- Location of Plossig
- Plossig Plossig
- Coordinates: 51°42′N 12°57′E﻿ / ﻿51.700°N 12.950°E
- Country: Germany
- State: Saxony-Anhalt
- District: Wittenberg
- Town: Annaburg

Area
- • Total: 11.12 km^{2} (4.29 sq mi)
- Elevation: 74 m (243 ft)

Population (2009-12-31)
- • Total: 251
- • Density: 23/km^{2} (58/sq mi)
- Time zone: UTC+01:00 (CET)
- • Summer (DST): UTC+02:00 (CEST)
- Postal codes: 06922
- Dialling codes: 035386
- Vehicle registration: WB

= Plossig =

Plossig is a village and a former municipality in Wittenberg district in Saxony-Anhalt, Germany. Since 1 January 2011, it is part of the town Annaburg. The municipality belonged to the administrative community (Verwaltungsgemeinschaft) of Annaburg-Prettin.

==Geography==
Plossig lies about 12 km south of Jessen on the edge of the Düben Heath Nature Park.

==History==
From 1815 to 1944, Plossig was part of the Prussian Province of Saxony and from 1944 to 1945 of the Province of Halle-Merseburg.

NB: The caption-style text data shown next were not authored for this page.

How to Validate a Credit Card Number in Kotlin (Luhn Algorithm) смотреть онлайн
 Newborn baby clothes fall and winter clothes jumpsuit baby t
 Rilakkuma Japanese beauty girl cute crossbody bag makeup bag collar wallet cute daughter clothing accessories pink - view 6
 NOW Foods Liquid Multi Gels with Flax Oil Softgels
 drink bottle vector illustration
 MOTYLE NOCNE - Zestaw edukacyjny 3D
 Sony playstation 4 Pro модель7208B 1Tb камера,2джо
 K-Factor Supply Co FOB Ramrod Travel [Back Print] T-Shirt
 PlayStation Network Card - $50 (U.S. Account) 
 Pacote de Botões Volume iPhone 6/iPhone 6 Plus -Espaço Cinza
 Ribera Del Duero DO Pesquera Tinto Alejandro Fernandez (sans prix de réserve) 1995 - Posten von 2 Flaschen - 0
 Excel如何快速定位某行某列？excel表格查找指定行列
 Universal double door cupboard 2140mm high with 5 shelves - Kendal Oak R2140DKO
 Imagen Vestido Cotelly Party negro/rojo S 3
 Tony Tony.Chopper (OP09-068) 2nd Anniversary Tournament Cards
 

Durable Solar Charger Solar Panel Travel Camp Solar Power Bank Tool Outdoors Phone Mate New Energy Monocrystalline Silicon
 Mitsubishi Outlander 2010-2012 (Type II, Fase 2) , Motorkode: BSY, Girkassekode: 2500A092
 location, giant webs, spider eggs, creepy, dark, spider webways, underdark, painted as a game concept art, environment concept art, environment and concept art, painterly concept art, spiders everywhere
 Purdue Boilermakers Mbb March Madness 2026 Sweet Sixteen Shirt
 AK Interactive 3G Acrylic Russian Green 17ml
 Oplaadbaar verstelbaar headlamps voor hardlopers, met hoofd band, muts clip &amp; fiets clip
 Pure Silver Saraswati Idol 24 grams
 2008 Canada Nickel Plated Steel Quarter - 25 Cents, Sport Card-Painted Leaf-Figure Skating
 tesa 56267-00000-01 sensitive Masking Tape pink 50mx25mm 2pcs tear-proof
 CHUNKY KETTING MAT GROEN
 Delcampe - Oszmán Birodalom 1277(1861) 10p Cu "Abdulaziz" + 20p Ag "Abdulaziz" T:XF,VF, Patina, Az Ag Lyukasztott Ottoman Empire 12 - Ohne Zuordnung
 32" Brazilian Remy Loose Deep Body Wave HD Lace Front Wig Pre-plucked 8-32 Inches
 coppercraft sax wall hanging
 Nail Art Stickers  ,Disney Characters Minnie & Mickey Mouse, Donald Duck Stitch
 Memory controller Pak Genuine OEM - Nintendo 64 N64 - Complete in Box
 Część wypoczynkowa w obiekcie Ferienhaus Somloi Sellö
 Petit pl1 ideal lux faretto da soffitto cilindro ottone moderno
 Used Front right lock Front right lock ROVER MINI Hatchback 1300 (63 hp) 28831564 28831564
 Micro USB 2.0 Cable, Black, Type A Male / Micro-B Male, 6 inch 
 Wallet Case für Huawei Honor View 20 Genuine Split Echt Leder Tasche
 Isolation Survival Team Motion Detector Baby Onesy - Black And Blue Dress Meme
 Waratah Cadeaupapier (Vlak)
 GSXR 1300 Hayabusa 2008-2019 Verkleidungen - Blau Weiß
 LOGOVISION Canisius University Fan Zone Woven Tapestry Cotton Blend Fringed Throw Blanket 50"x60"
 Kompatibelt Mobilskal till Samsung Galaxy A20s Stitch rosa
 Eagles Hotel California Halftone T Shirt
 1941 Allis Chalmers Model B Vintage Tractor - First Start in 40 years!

After World War II, Plossig was incorporated into the Province (since 1947, State) of Saxony-Anhalt from 1945 to 1952 and the Bezirk Cottbus of East Germany from 1952 to 1990. Since 1990, Plossig has been part of Saxony-Anhalt, since 2011 as a part of Annaburg.

==Economy and transportation==
Federal Highway (Bundesstraße) B 187 between Jessen and Wittenberg lies 12 km away.